Starting with the first line, output the data exactly, through to the last line.

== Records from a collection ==
________________
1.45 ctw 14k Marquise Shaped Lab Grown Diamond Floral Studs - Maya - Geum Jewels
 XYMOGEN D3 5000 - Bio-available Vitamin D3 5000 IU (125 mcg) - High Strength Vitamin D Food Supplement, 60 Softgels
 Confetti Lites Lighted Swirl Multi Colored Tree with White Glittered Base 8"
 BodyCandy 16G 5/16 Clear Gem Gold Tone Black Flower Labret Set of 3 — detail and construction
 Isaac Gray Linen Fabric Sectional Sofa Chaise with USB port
________________
== YOUR RESPONSE ==
1.45 ctw 14k Marquise Shaped Lab Grown Diamond Floral Studs - Maya - Geum Jewels
 XYMOGEN D3 5000 - Bio-available Vitamin D3 5000 IU (125 mcg) - High Strength Vitamin D Food Supplement, 60 Softgels
 Confetti Lites Lighted Swirl Multi Colored Tree with White Glittered Base 8"
 BodyCandy 16G 5/16 Clear Gem Gold Tone Black Flower Labret Set of 3 — detail and construction
 Isaac Gray Linen Fabric Sectional Sofa Chaise with USB port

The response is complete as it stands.